Arthur Tappan Pierson. “George Müller of Bristol.”
One way to preach Christ from the OT is to analogy or parallel uses in the NT for which one text becomes a commentary or example. Here is one set of parallel texts which, when set in conjunction, help to elucidate the other. Numbers 20 tells the story of the Israelites complaining in the wilderness. It is common to look upon these grumblers and mock them; or to wonder at how anyone could be as fickle as they were.
It is a strange glimpse into the 40 years of wilderness walking. Aside from the miracle of the water from the rock, one may even wonder at the point. There is also the strange ending about The Lord proving himself holy:
2 Now there was no water for the congregation. And they assembled themselves together against Moses and against Aaron. 3 And the people quarreled with Moses and said, “Would that we had perished when our brothers perished before the LORD! 4 Why have you brought the assembly of the LORD into this wilderness, that we should die here, both we and our cattle? 5 And why have you made us come up out of Egypt to bring us to this evil place? It is no place for grain or figs or vines or pomegranates, and there is no water to drink.”
6 Then Moses and Aaron went from the presence of the assembly to the entrance of the tent of meeting and fell on their faces. And the glory of the LORD appeared to them, 7 and the LORD spoke to Moses, saying, 8 “Take the staff, and assemble the congregation, you and Aaron your brother, and tell the rock before their eyes to yield its water. So you shall bring water out of the rock for them and give drink to the congregation and their cattle.” 9 And Moses took the staff from before the LORD, as he commanded him.10 Then Moses and Aaron gathered the assembly together before the rock, and he said to them, “Hear now, you rebels: shall we bring water for you out of this rock?”
11 And Moses lifted up his hand and struck the rock with his staff twice, and water came out abundantly, and the congregation drank, and their livestock.12 And the LORD said to Moses and Aaron, “Because you did not believe in me, to uphold me as holy in the eyes of the people of Israel, therefore you shall not bring this assembly into the land that I have given them.”13 These are the waters of Meribah, where the people of Israel quarreled with the LORD, and through them he showed himself holy.
When one considers the scene, the Israelites don’t seem all that wretched. They are in the desert, they are thirsty. And, they remember that in Egypt, when lived like other people, they had enough of what they needed. Why is God angry? “Because you did not believe in me.” (v. 12)
Now compare this with Romans 12, a text which Christians are fond of quoting:
1 I appeal to you therefore, brothers, by the mercies of God, to present your bodies as a living sacrifice, holy and acceptable to God, which is your spiritual worship.
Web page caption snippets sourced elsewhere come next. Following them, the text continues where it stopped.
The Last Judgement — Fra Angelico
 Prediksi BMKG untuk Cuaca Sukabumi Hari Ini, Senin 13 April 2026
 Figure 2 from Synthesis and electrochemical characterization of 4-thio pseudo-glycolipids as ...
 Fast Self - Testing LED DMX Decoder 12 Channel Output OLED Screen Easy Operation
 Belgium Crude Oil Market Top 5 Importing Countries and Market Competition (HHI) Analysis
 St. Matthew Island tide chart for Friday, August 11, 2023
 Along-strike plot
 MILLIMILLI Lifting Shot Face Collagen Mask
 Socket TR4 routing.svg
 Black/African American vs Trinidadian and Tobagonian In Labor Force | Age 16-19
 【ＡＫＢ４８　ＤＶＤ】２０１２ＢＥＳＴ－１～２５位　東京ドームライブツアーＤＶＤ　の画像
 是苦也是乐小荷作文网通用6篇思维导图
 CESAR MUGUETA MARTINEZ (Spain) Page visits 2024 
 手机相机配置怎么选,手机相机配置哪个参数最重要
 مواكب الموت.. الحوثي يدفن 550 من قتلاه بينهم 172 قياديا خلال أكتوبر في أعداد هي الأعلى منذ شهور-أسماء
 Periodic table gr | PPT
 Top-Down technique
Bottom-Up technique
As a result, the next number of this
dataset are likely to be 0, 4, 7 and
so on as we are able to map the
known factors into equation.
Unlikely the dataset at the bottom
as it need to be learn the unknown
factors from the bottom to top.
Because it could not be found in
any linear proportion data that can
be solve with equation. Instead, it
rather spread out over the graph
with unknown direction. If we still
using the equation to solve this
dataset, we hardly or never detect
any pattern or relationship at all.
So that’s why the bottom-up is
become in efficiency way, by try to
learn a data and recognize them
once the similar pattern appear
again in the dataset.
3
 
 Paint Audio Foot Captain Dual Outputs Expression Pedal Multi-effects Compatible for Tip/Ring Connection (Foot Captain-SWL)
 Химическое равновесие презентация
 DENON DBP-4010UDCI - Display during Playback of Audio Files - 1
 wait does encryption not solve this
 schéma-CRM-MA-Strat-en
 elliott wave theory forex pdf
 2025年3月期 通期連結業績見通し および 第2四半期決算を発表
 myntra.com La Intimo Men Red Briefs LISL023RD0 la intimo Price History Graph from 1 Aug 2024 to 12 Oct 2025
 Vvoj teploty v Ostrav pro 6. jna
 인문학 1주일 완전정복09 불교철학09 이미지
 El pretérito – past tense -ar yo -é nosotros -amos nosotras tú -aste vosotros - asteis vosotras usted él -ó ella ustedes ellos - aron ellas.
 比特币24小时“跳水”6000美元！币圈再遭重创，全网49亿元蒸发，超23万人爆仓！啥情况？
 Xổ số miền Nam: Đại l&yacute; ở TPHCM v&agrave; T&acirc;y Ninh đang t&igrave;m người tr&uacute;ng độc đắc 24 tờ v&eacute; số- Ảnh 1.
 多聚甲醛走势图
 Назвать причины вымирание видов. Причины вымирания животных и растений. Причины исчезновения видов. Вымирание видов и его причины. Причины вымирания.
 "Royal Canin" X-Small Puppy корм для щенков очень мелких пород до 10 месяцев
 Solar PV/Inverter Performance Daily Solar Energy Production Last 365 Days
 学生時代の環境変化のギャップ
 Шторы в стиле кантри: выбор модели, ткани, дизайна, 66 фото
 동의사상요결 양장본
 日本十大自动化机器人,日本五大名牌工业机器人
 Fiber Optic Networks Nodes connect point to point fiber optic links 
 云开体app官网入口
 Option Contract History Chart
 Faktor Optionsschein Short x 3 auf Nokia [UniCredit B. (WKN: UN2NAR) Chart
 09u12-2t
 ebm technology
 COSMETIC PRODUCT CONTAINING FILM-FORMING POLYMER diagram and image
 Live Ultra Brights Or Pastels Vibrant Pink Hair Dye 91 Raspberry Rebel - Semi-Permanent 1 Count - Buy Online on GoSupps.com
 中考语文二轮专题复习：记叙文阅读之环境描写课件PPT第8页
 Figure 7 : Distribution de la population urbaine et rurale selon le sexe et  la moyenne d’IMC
2 Do not be conformed to this world, but be transformed by the renewal of your mind, that by testing you may discern what is the will of God, what is good and acceptable and perfect.
3 For by the grace given to me I say to everyone among you not to think of himself more highly than he ought to think, but to think with sober judgment, each according to the measure of faith that God has assigned.
Now bring the two texts together and see what sort points are raised. Could we say that the Israelites were being conformed to this world? Did they think of themselves rightly? Is there a way in which I am conformed in my complaints? How is God holy in all of this? Is God right in the measure of faith he has assigned to me? I am not answering any of these questions. Rather, they are the sort of questions which strike me as I read one passage after the other.
In Numbers 15, we read of the Lord’s command concerning tassles:
37 The LORD said to Moses,38 “Speak to the people of Israel, and tell them to make tassels on the corners of their garments throughout their generations, and to put a cord of blue on the tassel of each corner.39 And it shall be a tassel for you to look at and remember all the commandments of the LORD, to do them, not to follow after your own heart and your own eyes, which you are inclined to whore after.40 So you shall remember and do all my commandments, and be holy to your God.41 I am the LORD your God, who brought you out of the land of Egypt to be your God: I am the LORD your God.”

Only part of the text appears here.